Additionally, we conducted analyses specific to warm season (May–October) visits, when ozone levels are generally higher due to increased sunlight catalyzing its formation. We were also interested in possible confounding by other air pollutants (CO, NO2, SO2), but did not have these values for all of our observations. To investigate this, we first created subsets of data where measurements for ozone and one of these pollutants was available. Then, for the best fitting lag of ozone determined previously, we ran outcome-specific analyses for each co-pollutant subset with ozone alone, and ozone and another pollutant, to allow for comparisons on the exact same population. For co-pollutants, an average of same day and previous day levels (lag01) were used. To examine the sensitivity of our COPD definition, we also examined COPD visits specifically for those ≥ 50 years old, and its sensitivity to co-pollutant adjustment as above.

To evaluate potential effect modification, we stratified models by age (< 5, 5–18, 19–64, ≥ 65), race/ethnicity (non-Hispanic Black, non-Hispanic White, Hispanic, non-Hispanic Asian), sex (male, female), and distance from monitor (< 10 km/≥ 10 km). We also stratified by expected primary payment method [private insurance or self-pay/aid (MediCal, self-pay, county, and other indigent programs)] in analyses limited to those < 65 years old to exclude older Medicare recipients. These subsets of our data were analyzed separately through conditional logistic regression and random effects meta-analysis using the same covariates as in the non-stratified models. We then evaluated statistical differences between these stratum-specific pooled estimates by dividing the difference in betas by the pooled standard error to calculate a z-score. Significant differences (p < 0.10) were identified, using a main comparison group when more than two categories existed. Again, a minimum of 20 cases per CZ after stratification was required to be included in the pooled estimate.

In addition, we explored predictors of CZ-level association sizes using univariate meta-regression with zone-level exposure and demographic predictors in an attempt to explain heterogeneity in those association sizes using the aforementioned “metareg” Stata package (Harbord and Higgins 2008).

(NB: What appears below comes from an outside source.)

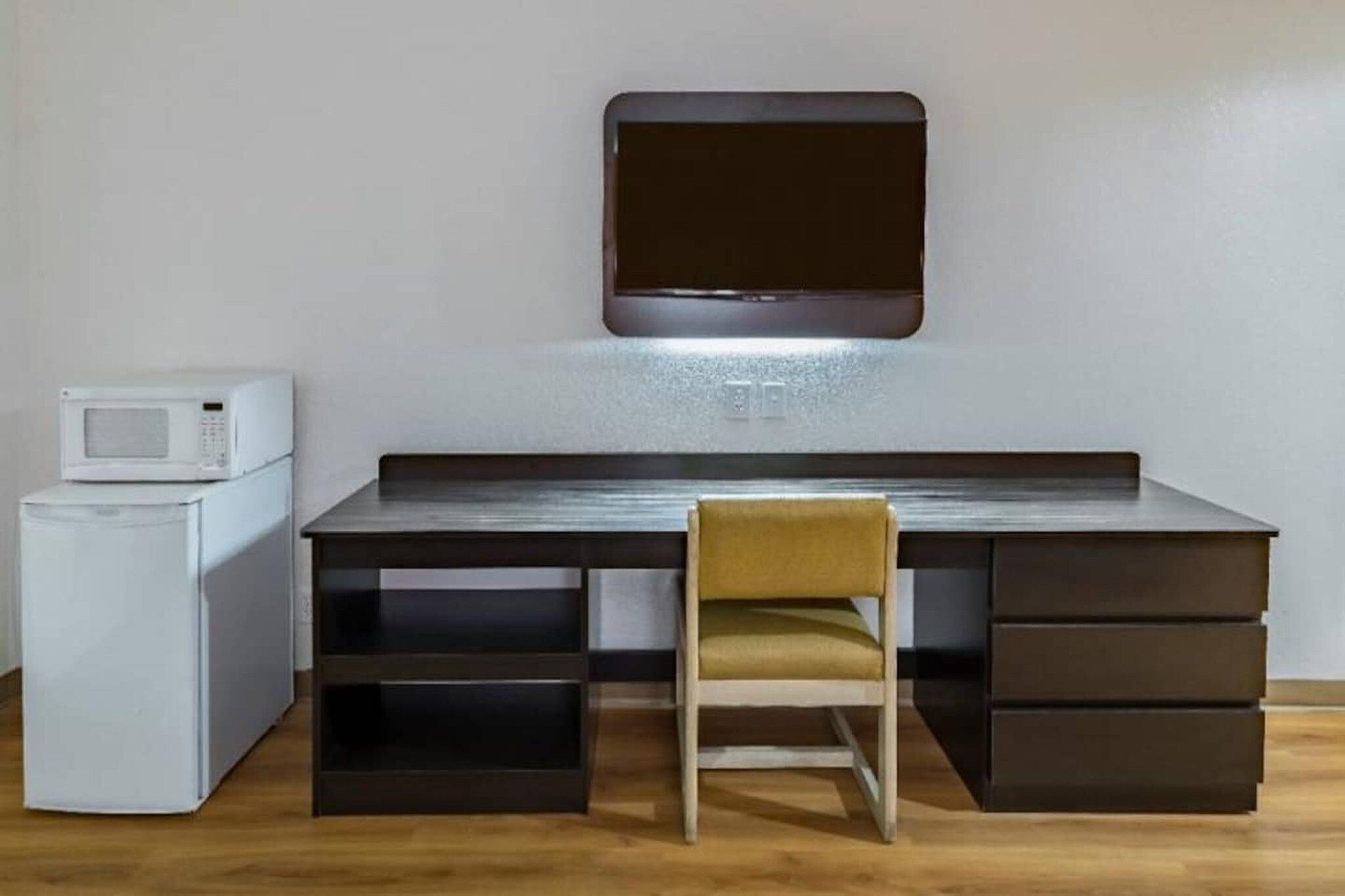 Un espace de travail compact comprenant un bureau, une chaise et un four à micro-ondes.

We reported variables associated with effect size (p < 0.10) after testing mean ozone, mean apparent temperature, mean distance to the monitor, percent race/ethnic group (non-Hispanic White, non-Hispanic Black, Hispanic, non-Hispanic Asian), percent age group (0–18, 65 and older), percent visits within 10 km of an ozone monitor, and binary coastal/noncoastal and Northern/Southern variables.

Results

Ozone levels varied by climate zone (Table 1). Weighted mean daily 1-hr maximums for visit days were lowest in the coastal, northern climate zone 1 [33 ppb, interquartile range (IQR) = 12] and highest in the arid, inland climate zone 10 (55 ppb, IQR = 29). These gradations were more evident in the warm season, when mean levels for CZs ranged from 31 to 75 ppb (see Table S1). Among EDV-specific exposures over the full year, ozone was most strongly correlated with apparent temperature (r = 0.63) (Table 2). Correlations with other air pollutants were weaker.

Table 1
Means (IQR) for exposures assigned to eligiblea respiratory EDVs in California, 2005–2008.
Table 2
Correlations for exposures assigned to eligible respiratory EDVsa in California, 2005–2008.

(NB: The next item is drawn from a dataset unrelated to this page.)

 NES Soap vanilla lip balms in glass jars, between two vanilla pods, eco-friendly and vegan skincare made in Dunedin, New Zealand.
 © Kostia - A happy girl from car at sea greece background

Our analysis included data for 3,654,042 eligible respiratory ED visits (or hospitalizations following an ED visit), with the number of visits by CZ ranging from 4,984 (CZ 1, the northern coastal region) to 590,930 (CZ 9, inland Los Angeles area). Table 3 presents EDV statistics by selected outcomes and demographics. Eligible EDVs occurred less often in the warm season. Females composed the majority of visits, as did private insurance holders. Most ED visitors (75%) lived within 10 km of an ozone monitor. Visitors were ethnically diverse, but proportions varied widely by CZ (see Table S2). Ninety-one percent of visits with eligible ozone information also had NO2 exposure available, 83% had CO exposures available, and 54% had SO2 available (see Table S3). Populations excluded from co-pollutant analyses were very similar on a number of dimensions, with the only clear difference being a greater proportion of White non-Hispanics and fewer Hispanics and Black non-Hispanics in excluded populations as compared to the full dataset.

Table 3
Demographics for eligible respiratory EDV visits within 20 km of an ozone monitor and 10 km of a temperature monitor in California, 2005–2008 (%).

In full year analyses, significant associations (p < 0.05) were observed between combined respiratory EDVs and ozone levels at multiple lags (Figure 2A), with the model fitting best using lag01 ozone (ERlag01 = 0.8%, 95% CI: 0.6, 1.0). Among specific diagnoses of respiratory disease, the relationship was strongest with asthma (ERlag03 = 2.3%, 95% CI: 1.5, 3.2) and acute respiratory infections (ERlag01 = 0.9%, 95% CI: 0.6, 1.1). Multiple ozone lags showed associations with pneumonia (ERlag01 = 0.5%, 95% CI: 0.1, 1.0) and URTI (ERlag03 = 2.5%, 95% CI: 0.4, 4.6); only one lag showed a COPD association.

Figure 2
Excess risks (95% CI) per 10-ppb ozone for respiratory outcomes by lag, with I2statistic, for (A) full year, and (B) warm season. l = lag of best fit, as identified as the lowest sum of AICs over all CZ analyses. Lag0 = same-day ...

In warm season-specific analyses, significant respiratory, acute respiratory infection (ERlag03 = 1.4%, 95% CI: 0.8, 1.9), and asthma associations [ERlag03 = 2.7% (95% CI: 1.5, 3.9)] persisted (Figure 2B). Warm season analyses also showed more lags with significant associations for acute respiratory infections, pneumonia [ERlag03 = 1.3% (95% CI: 0.3, 2.4)], and COPD [ERlag3 = 0.8% (95% CI: 0.0, 1.7)]. For all outcomes, associations at corresponding lags were typically similar or slightly larger in magnitude than full year associations.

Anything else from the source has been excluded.